Unter Briten: Eine gebürtige Deutsche kämpft für die europäische Idee

Die Deutsche Wera Hobhouse wurde Britin, um sich ins Parlament wählen lassen zu können. Nun kämpft sie aus tiefer Überzeugung gegen den Brexit.

Das britische Parlament ist blockiert, aber Wera Hobhouse kriegt noch was durch. Die Abgeordnete der Liberal Democrats sitzt im Schatten ihres Erfolgs, der im Moment von drei zu einer Girlande geknüpften Frauenunterhosen geworfen wird: Das sogenannte Upskirting ist soeben ein eigener Straftatbestand geworden, seit 12. Februar gilt das Gesetz offiziell. Seitdem steht es unter Strafe, Frauen unter den Rock zu fotografieren oder zu filmen.

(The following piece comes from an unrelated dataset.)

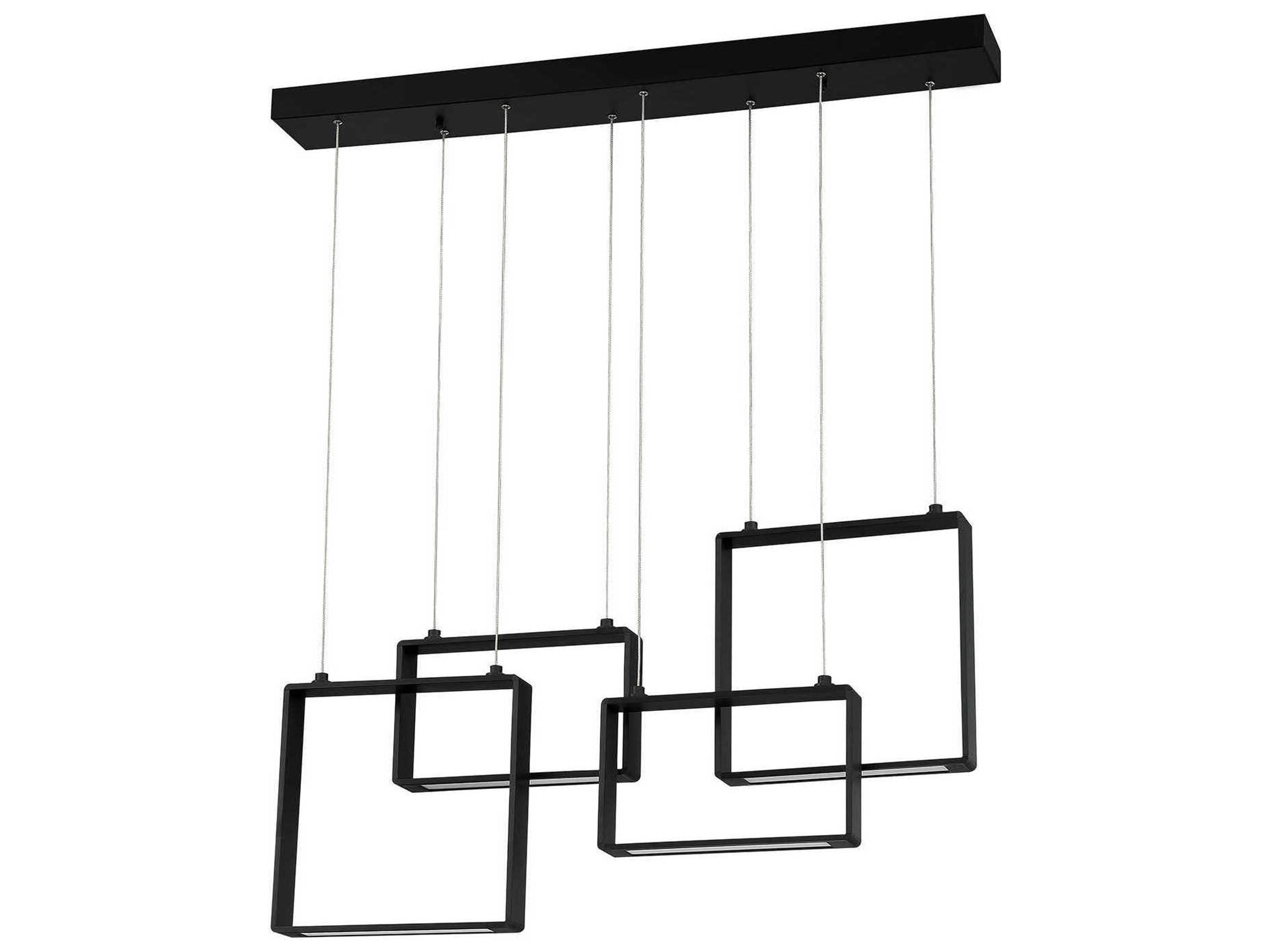 Kendal Quadron Black LED Geometric Pendant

Hobhouse hatte das Anliegen in das Parlament eingebracht. Und es ist selten, dass der Vorschlag einer einzelnen Person es bis zum Gesetz schafft. Hurra, das Parlament ist handlungsfähig! Trotz Brexit. Zum Feiern ist ihr jedoch nicht zumute.

Als zuletzt abtrünnige Parlamentsabgeordnete, sieben auf einen Streich, die Labour-Partei verlassen, um eine unabhängige Splittergruppe zu bilden mit der Aussicht zur Gründung einer eigenen Partei, ist das nur der letzte Riss in einer vollkommen verfahrenen Situation. Ausgerechnet drei Tories gesellen sich hinzu.

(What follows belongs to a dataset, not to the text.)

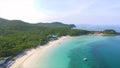 Aerial View of the rocky islands in Andaman sea, Thailand. Poda island in Krabi Thailand. Long exposure of Makua beach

Entgeistert schaut die Welt auf das älteste Parlament der Welt. Es sind noch 36 Tage, bis das Land die EU verlassen soll. Aber das ehrwürdige House of Commons zerlegt sich selbst, Regierung und Opposition erpressen sich gegenseitig, eine gemeinsame Haltung ist nicht in Sicht.

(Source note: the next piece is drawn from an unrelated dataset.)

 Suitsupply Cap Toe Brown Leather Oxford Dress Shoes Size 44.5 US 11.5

Wera Hobhouse hat ihre eigene Perspektive auf das Geschehen: dritte Reihe, schräg hinter Jeremy Corbyn bei den Liberal Democrats, beste Sicht auf Theresa May. Sie sitzt im Brexit-Ausschuss und hört sich jeden Mittwoch die Ausführungen von Experten an. Es ist die Perspektive einer Engländerin, doch erst seit 2006, zuvor war sie Deutsche.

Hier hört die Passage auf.